A brain tumor is a growth of abnormal cells in the tissues of the brain. Brain tumors can be benign, with no cancer cells, or malignant, with cancer cells that grow quickly. Some are primary brain tumors, which start in the brain. Others are metastatic, and they start somewhere else in the body and move to the brain.
Approximately 1,600 brain cancers are diagnosed annually in Australia; that is roughly one person diagnosed with brain cancer every five hours.

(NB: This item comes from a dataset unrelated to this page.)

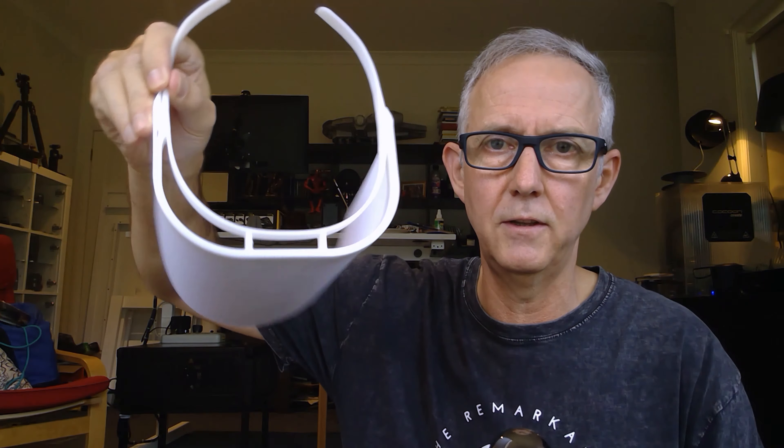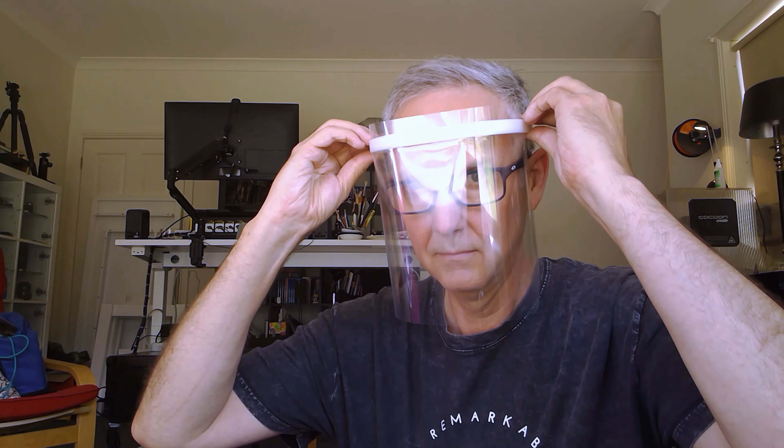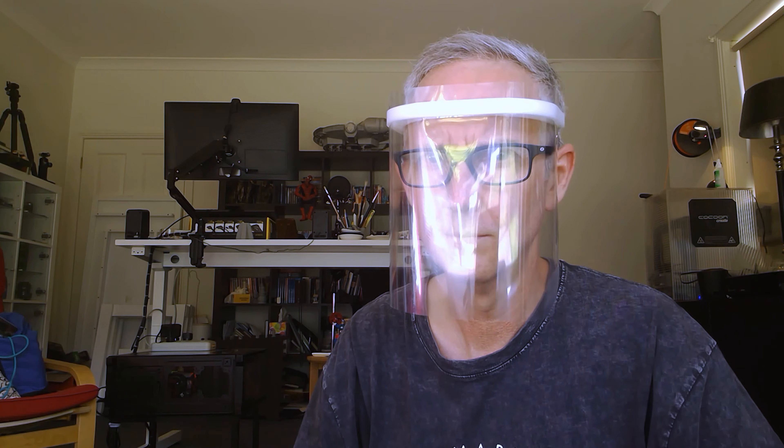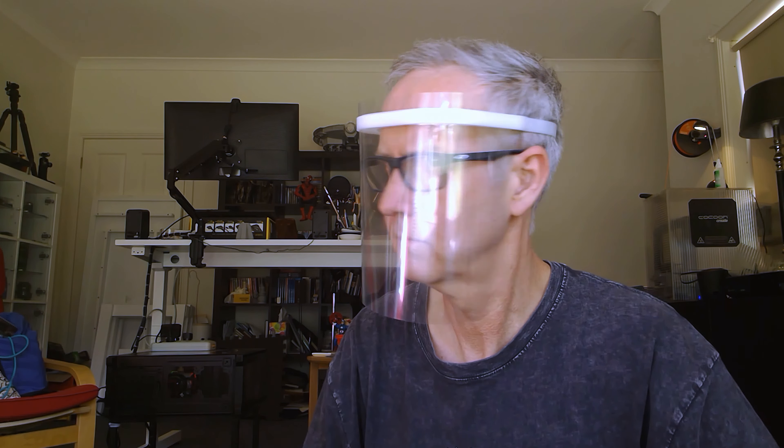You can see it works pretty well, and you can also wear it with glasses, which I think is another bonus. I've designed the shape of the shield to be a bit more square, so it can go straight over glasses without touching them, and still give airflow so that it should stop the shield from fogging up.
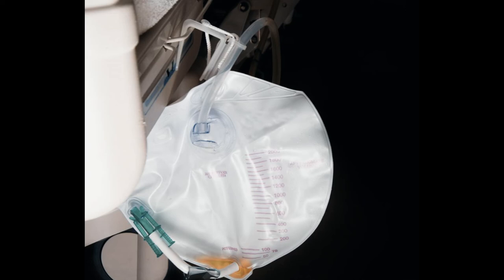While an attached bag collects the urine that drains from the catheter. The design was developed in the 1800s by a French physician who named it after himself.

Brain cancer has a very high mortality rate, and this has barely fallen in the last 30 years.
Brain cancer kills more people under 40 in Australia than any other cancer.
Only two in ten people diagnosed with brain cancer will survive for at least five years.
Between the years 1982 - 2007, brain cancer incidence and mortality trends showed little change.
Brain tumours are named according to where the tumour originated, its pattern of growth and whether it is benign or cancerous. The tumour is also graded by its degree of malignancy and its chances of growing and spreading.
There are approximately 130 different types of brain tumour. The most common type of brain cancer is glioblastoma, which mainly occurs in adults. Medulloblastoma is the most common childhood brain tumor.
Brain tumours can be benign or malignant. A benign tumour consists of very slow growing cells, usually has distinct borders, and rarely spreads. Malignant brain tumours vary widely both in the way they grow and the way they respond to treatment.